Probate genealogists have to purchase BMD certificates in order to track down potential beneficiaries of intestate estates. Generally, the cost of these and all other operational overheads are recovered within the contingency fee that the successful researcher receives, which is usually a percentage of the beneficiary’s share of the estate.
However, all too often we encounter situations where beneficiaries are effectively paying twice for the same certificates – once through their contingency fee and once again when the administering practitioner reimburses the researcher out of estate funds for BMD certificates and other costs.
Of course, any payment made out of the estate reduces the amount that the beneficiaries themselves receive.
Unfortunately, this seems to have become standard practice with some probate research firms, as well as with many small time heir hunters.
Limited power of attorney
Increasingly, we see individual heir hunters administering estates themselves through a limited power of attorney – despite having no qualifications or professional experience in this area. When you take a close look at the estate accounts that they draw up you’ll find that they tend to reimburse themselves very generously.
Whether it’s individual heir hunters reimbursing themselves, or authorised practitioners reimbursing probate research firms, the charge usually appears in estate accounts as “the cost of administrator’s certificates” or something similar, and relates to BMD certificates that the company or individual heir hunter originally purchased in order to research the deceased’s family and then used to prove the beneficiaries’ entitlement to a share in the estate.

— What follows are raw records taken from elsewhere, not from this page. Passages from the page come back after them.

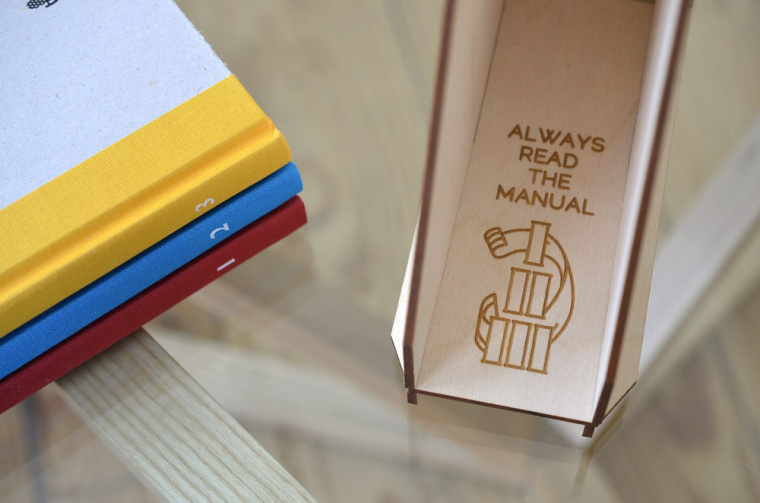 利用激光藝術(shù)設(shè)計(jì)制作高端包裝——上海包裝設(shè)計(jì)公司包裝制作工藝知識(shí) 利用激光藝術(shù)設(shè)計(jì)制作高端包裝——上海包裝設(shè)計(jì)公司包裝制作工藝知識(shí)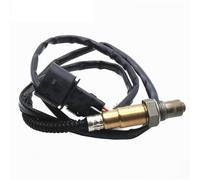 Capteur D'oxygène 021906262B 06B906265M 0258007057 17014 Capteur D'oxygène À Large Bande LSU4.2 For VW For Beetle For Golf For Jetta 1999-2006 Oxygen Sensors Voiture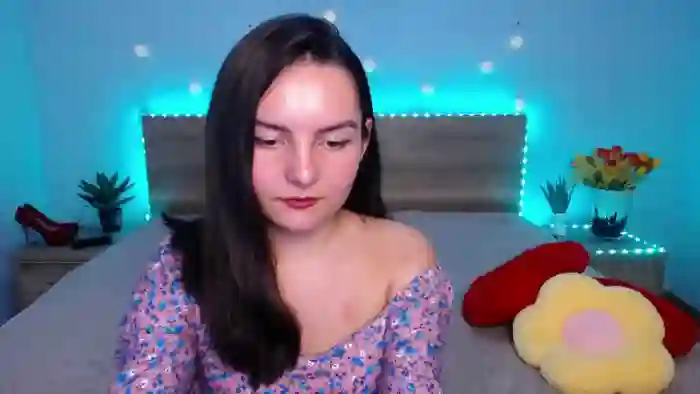 jasmine-asha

Let’s pause for a minute and remember that when a beneficiary signs a finder’s fee or a percentage fee agreement, they are paying for the researcher’s work in locating them, and for future work in presenting their case for kinship to whichever authority may be acting as a custodian of the estate at the time.
The fundamental building block of this work is BMD certificates. If beneficiaries are paying for certificates twice then something is going wrong.
Charges add up
Bear in mind that these are not negligible sums. The standard service for one BMD certificate is £9.25. With the frequently employed next-day service, this increases to £23.40 per certificate. You don’t have to extend far into a family tree for this to add up. I have seen up to £400 reclaimed on some estates and doubtless there will have been even higher sums unjustifiably clawed back.

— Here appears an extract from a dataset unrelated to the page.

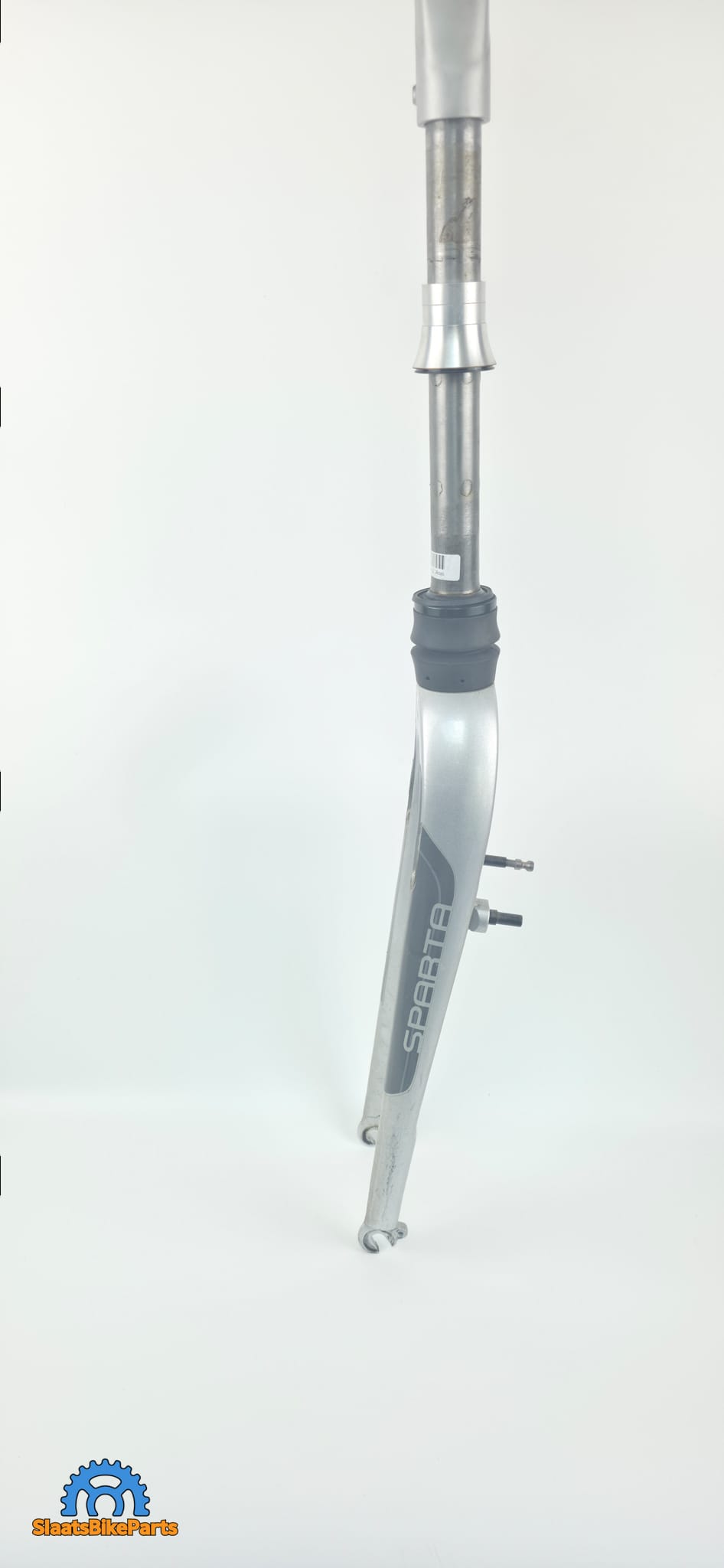 Sparta RXS+ Voorvork met Stuurpen |  28 inch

This is something we at Anglia Research always aim to challenge on behalf of clients when we encounter it. When probate researchers are already benefiting from a percentage fee agreement, the cost of certificates is very rarely a legitimate estate expense that they can recover.
I do worry that some solicitors and other practitioners are misled into making these payments. I have encountered several who insist, against all evidence, that the cost of obtaining certificates in order to establish a kinship claim in a bona vacantia case is a legitimate disbursement which the researcher can later recover from the estate. One wonders what on earth they think contingency fees pay for.
In one recent example, a well-publicised heir hunter company actually had a contribution to the costs of its various database subscriptions paid by the administering law firm out of estate funds.
In other words, the estate was paying for the overheads of the heir hunter’s business.
The company in question was also refunded the costs of certificates and wills that had been obtained during the course of its speculative research. This was all in addition to the rather generous finder’s fee that had been negotiated with each entitled relative.
It is doubtful that such unquestioning largesse on the part of the practitioner would withstand scrutiny if it were to come to the attention of regulators.
In law, I believe, it is clear that when a company works under its own initiative, and negotiates a finder's fee, these charges should not be reimbursed. As adviser to the personal representative (PR), a lawyer or accountant should inform the PR of this. By neglecting to do so, and instead masking these reimbursements within a long list of liabilities and outgoings which the PR invariably ‘approves’, they are potentially leaving their clients open to litigation.
Anglia Research is one of the few probate research companies that does not employ this method of double charging.
I can state categorically that when beneficiaries sign a finder’s fee agreement with us, the fees set out in the agreement are the only fees we will ever ask them to pay for locating them and pursuing their claim. There are no hidden costs and we will not charge twice for the same service.
We encourage other reputable firms to make the same guarantee.